At the consortium meeting, DECOIT® GmbH therefore first presented its analysis results of the hanseWasser test. It was interesting to see the amount of data collected and how this affects database size and performance. The detection of incidents was also important and was subjected to an evaluation. An upcoming workshop at hanseWasser in March is expected to present the analysis results in more detail. On the other hand, the partner rt-solutions presented its current laboratory environment. Currently, 60 million firewall events concerning access to the honeypot are stored here. A model environment is to be made available for hacking tests later. Also, the partners should profit from it and get corresponding accesses.

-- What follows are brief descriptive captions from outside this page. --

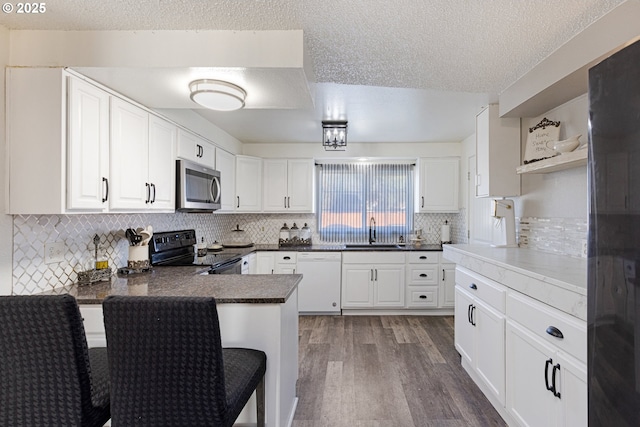 kitchen with stainless steel microwave, open shelves, white dishwasher, black electric range oven, and a sink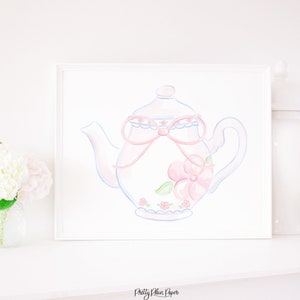 Puede incluir: Una ilustración de acuarela de una tetera rosa con un patrón floral azul y blanco y un lazo rosa. La tetera está sobre un fondo blanco.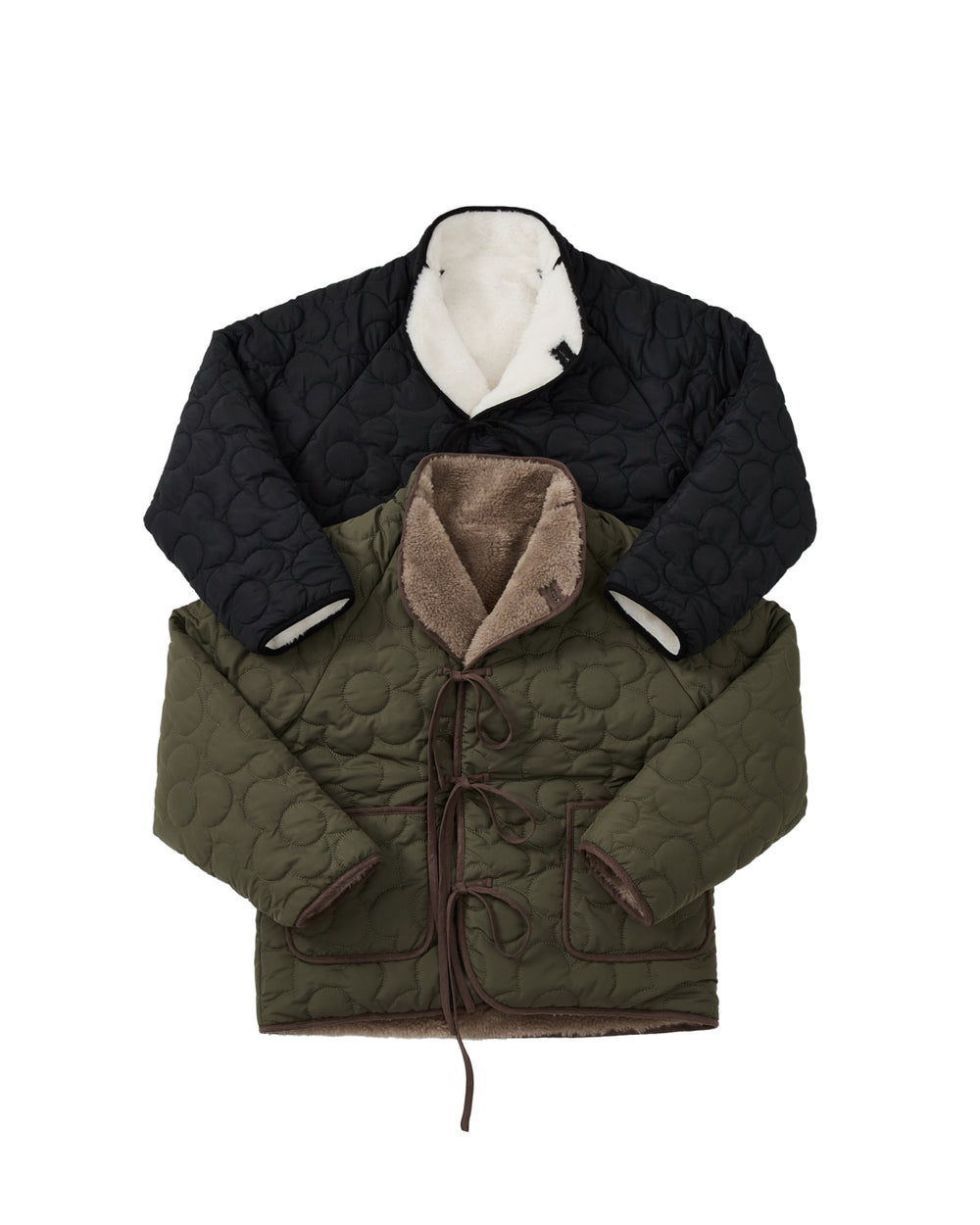 Two BLACK IVORY REVERSIBLE FLOWER QUILTED JEOGORI FLEECE jackets from Sundae School, one in black with white lining on top and the other in olive green with brown lining beneath, are neatly arranged, overlapping each other. Both showcase tie closures and visible stitching, drawing inspiration from classic hanbok-inspired coat silhouettes to seamlessly blend timeless style with modern comfort.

The University of Applied Sciences and Arts Hannover, on the other hand, presented its first approach to anomaly detection, which is based on so-called cubes. The basic idea here is that attacks are easier to detect in particularly filtered and aggregated databases. Cubes are therefore a suitable data structure to better describe such aggregated data. From the history, it should be possible to define a normal behavior that is stored as a statistical model in order to calculate an anomaly score. A first small prototype based on the investigation of a home office could already be shown, which allowed an interesting analysis of the used devices.
In summary, the fourth consortium meeting in the GLACIER project was very constructive. So far, the project has been very well on schedule and the development could also be started promptly. However, the project will have to be evaluated later, especially in terms of anomaly detection. The previous approaches are already promising.